I personally believe that we are headed for a long, yet fairly shallow recession and that the U.S. governmet will "Print, Baby Print" (a modification of the stupid "Drill, Baby Drill" chant) enough money for us to avoid a depression and the credit markets will eventually unfreeze. If that is the case then CX will probably ultimately survive.
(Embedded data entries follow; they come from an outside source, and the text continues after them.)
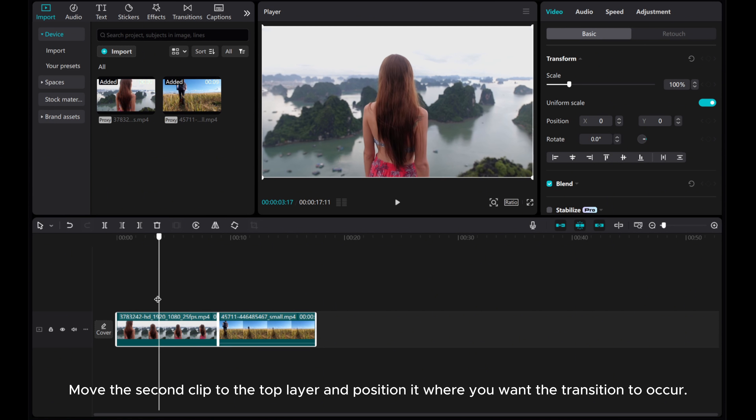If you feel the transition is too slow or fast, tweak the timing by adjusting the keyframes within the clip. Drag them closer together to speed up the transition, or increase the gap for a slower effect.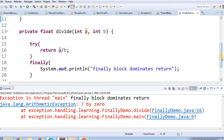This is a return statement. It is a return statement. Thank you.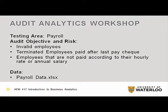Hi everyone. My name is King Ivy, and this is an audit analytics workshop covering payroll. In this workshop, we'll be covering the risk areas of invalid employees, committee employees paid after last paycheck, and employees not paid according to their hourly rate or annual salary. So let's get started.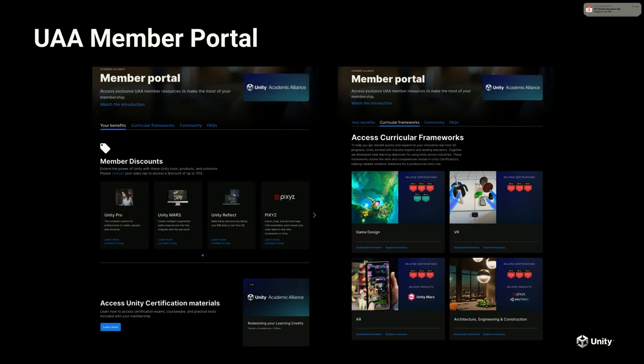A UAA member portal has the different software paths you can learn on one side, and the circular frameworks that help people understand what area they wish to focus on on the other side.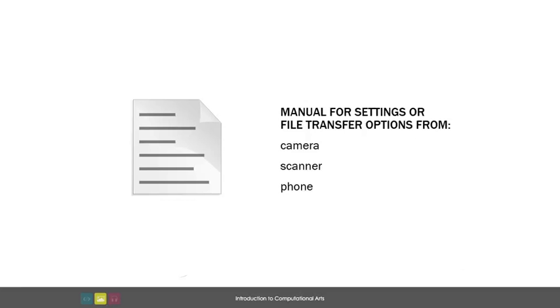In any case, you will need to find the manual for the device you have for instructions on how to use it most effectively for your purposes.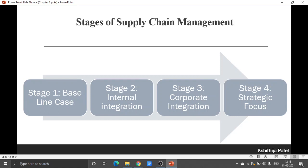A supply chain succeeds if all members have the same goal and the same focus on serving the customer, and establishing the same goal and focus among the chain members. This means that all participants and all members are working towards a form of policy integration. Most organizations go through four steps of supply chain policy integration.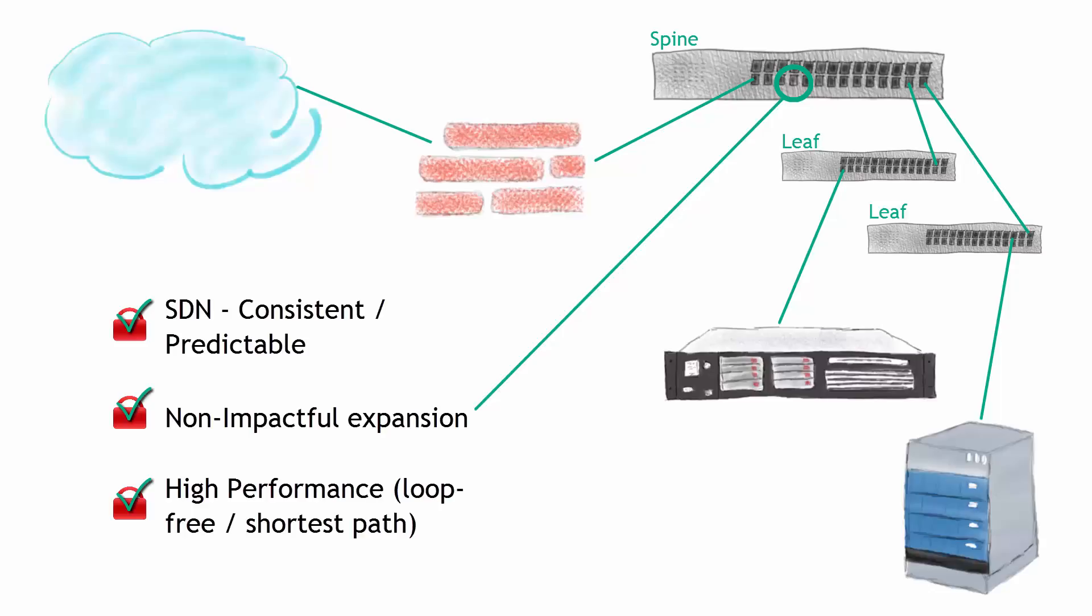So build the network right from the beginning. Put a spine in place and add new 40 gig ports as needed. Dongle them out to 10 gig and add those leaves. This is a very scalable and easy way and non-impactful, ATO friendly for a network environment.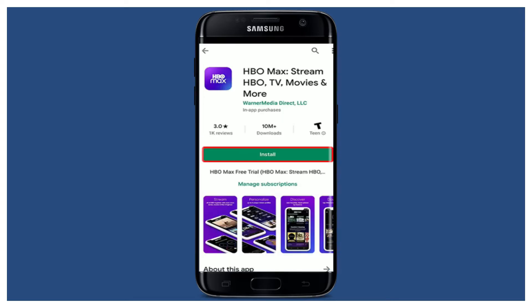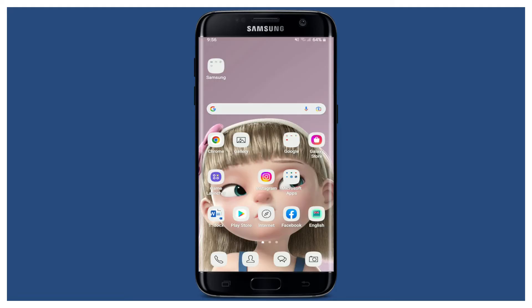Once you see the application displayed in your search results, tap on the Install button to download the application on your Android device. Once the download has begun, wait until it installs on your mobile device.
------------------------------------------------------------------------------------------------------------------------------

Especially infuriating for shareholders is the fact that the value of the evil derivatives that Cemex has on its books dropped from a positive $100 million to negative $500 million as of the end of September. It certainly is not alone in this regard. While I haven't seen any specific information on them, it seems pretty clear to me that its losses were a result of bets, or at least hedges, that the U.S. dollar would continue to fall. Tons of Latin American companies lost big bucks betting that the U.S. dollar will continue to decline. Bets like that have been absolutely hammered lately as the Mexican Peso entered a free fall and the dollar has soared.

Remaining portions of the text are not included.